Para Héctor Saint-Pierre, pesquisador da área de relações internacionais e professor da Faculdade de Ciêncis Humanas e Sociais da Unesp, câmpus de Franca, a guerra da Ucrânia assinala um ponto de inflexão nas relações internacionais. Em entrevista ao Jornal da Unesp, ele explica que o conflito evoluiu para a chamada guerra de atrito, abordagem estratégica que privilegia o desgaste dos recursos humanos e militares do inimigo, com o intuito de enfraquecê-lo. “Tanto a Rússia quanto a OTAN estão levando a guerra em banho-maria”, diz. “Mas se engana quem pensa que a Rússia está enfraquecida ou à beira da derrota. A parte mais sofisticada de seus aviões e tanques nem foi usada ainda no campo de batalha”, diz.

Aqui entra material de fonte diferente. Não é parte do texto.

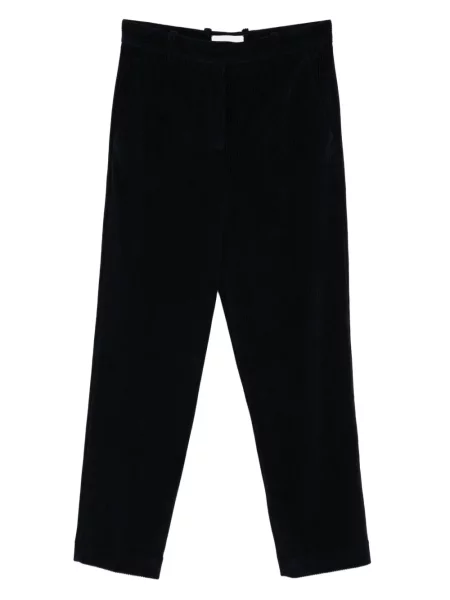 Pantaloni Circolo 1901 de catifea cord albastru
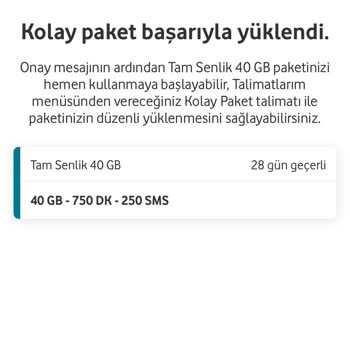 Vodafone Hediye Paketlerinin Otomatik Tanımlanmaması Mağduriyet Yaratıyor
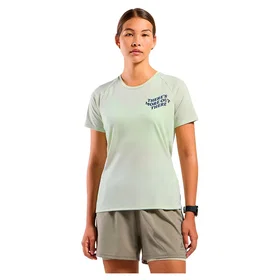 Odlo Essential Imprime Kortärmad T-shirt (Dam)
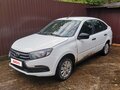 2020 Lada (ВАЗ) Granta I Рестайлинг, белый, 550000 рублей
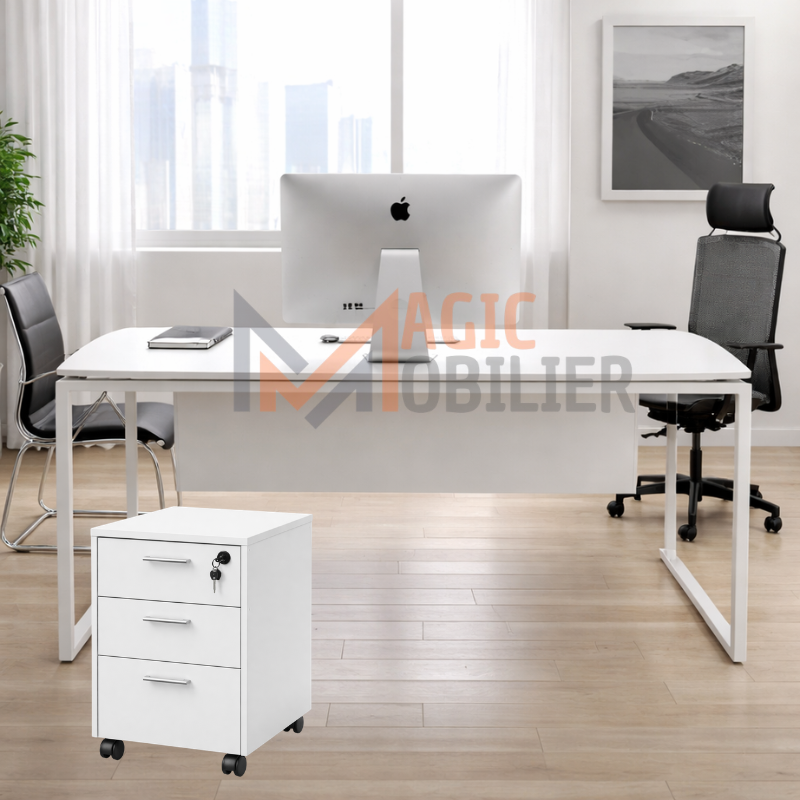 Bureau  ARKA  semi métallique A-2026-2068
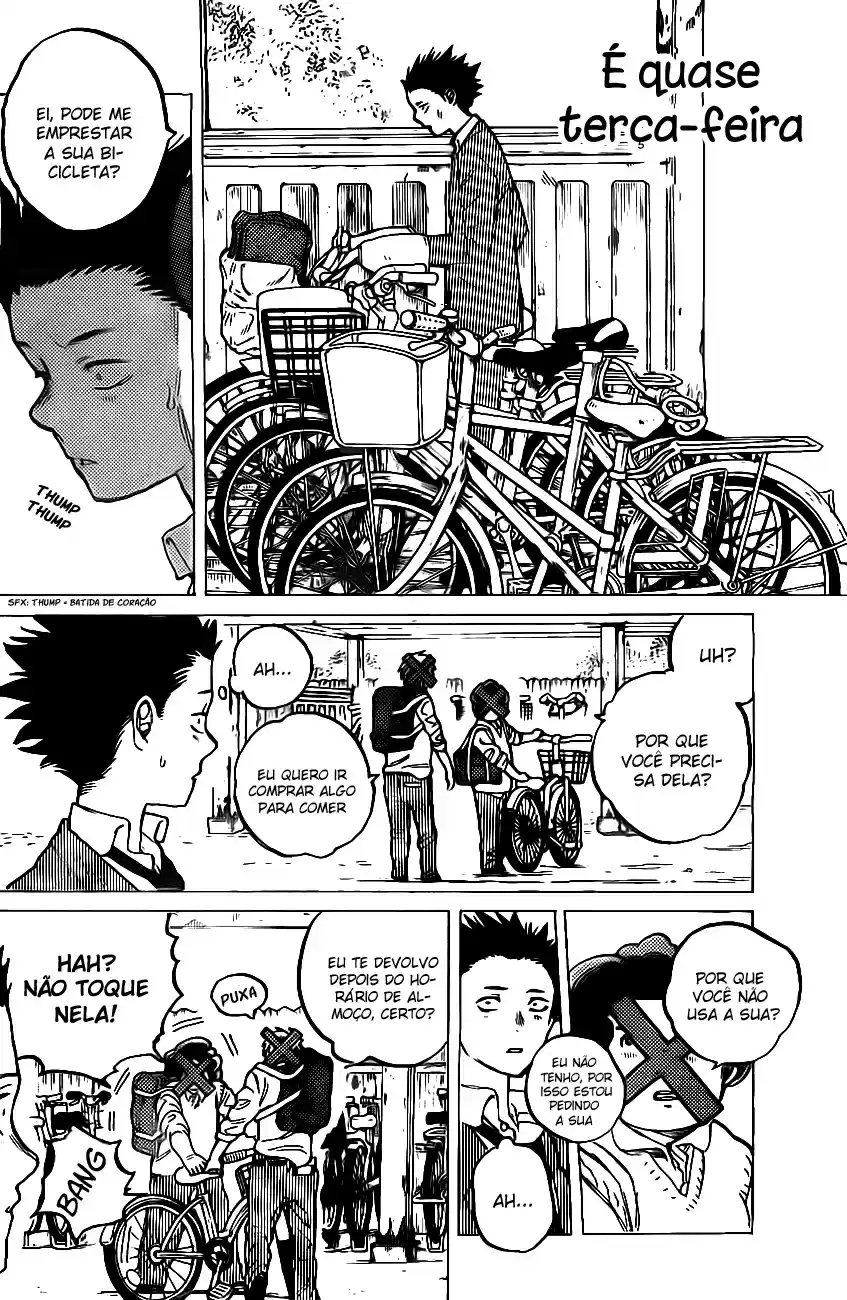 Read Koe no Katachi (PT) Manga Online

De que forma a guerra na Ucrânia, que em fevereiro irá completar um ano sem perspectiva de resolução de curto prazo, está mudando o panorama das relações internacionais?
Héctor Saint-Pierre: Essa guerra mudou tudo. Se no começo falávamos da guerra da Ucrânia, hoje se pode falar em termos de guerra na Ucrânia, porque a Ucrânia se transformou em uma frente, uma parte de uma guerra muito mais ampla. Eu diria até mesmo uma guerra mundial. Hoje existe um compromisso da OTAN, particularmente impulsionada pelos Estados Unidos, com o intento de manter um sistema internacional unilateral, que é regido por regras, e que se opõe a uma proposição de mundo multilateral, defendida por [o presidente da Rússia] Putin, [ o líder da China] Xi Jingping e por outros países emergentes, como a Índia. É um confronto entre o Ocidente e o resto do mundo.
O Ocidente está em clara decadência desde a crise financeira de 2008 e enfrenta o avanço da China no cenário internacional. OS EUA se propuseram a provocar uma guerra nas fronteiras russas para fomentar a separação da Rússia com a China e evitar a consolidação deste bloco. Este sempre foi o objetivo estratégico dos Estados Unidos desde a primeira visita de [Richard] Nixon. A visita de Nixon a Mao Tse-Tung foi justamente para evitar que os dois gigantes, China e a Rússia, se unissem. A Rússia vem se recuperando depois do fim da guerra fria. Porém, o Ocidente foi avançando em direção às fronteiras russas até o golpe da Praça Maidan, na Ucrânia [ em 2014] e a posterior mudança de regime. A isso se seguiram a proibição da língua russa em território ucraniano e o início de uma guerra civil contra a região de Dombas. Até que veio a guerra na Ucrânia.
Quando essa guerra teve início, parecia que poderia chegar a uma conclusão rapidamente. A Rússia, inicialmente, parecia ter condições de solucionar o conflito logo. Mas a ideia era voltar aos termos estabelecidos pelo tratado de Minski [assinado em 2014]. E no ano passado a própria [ex-primeira-ministra alemã] Ângela Merkel declarou que na verdade o tratado de Minsk deveria servir apenas como uma desculpa para dar à Ucrânia tempo para que se armasse.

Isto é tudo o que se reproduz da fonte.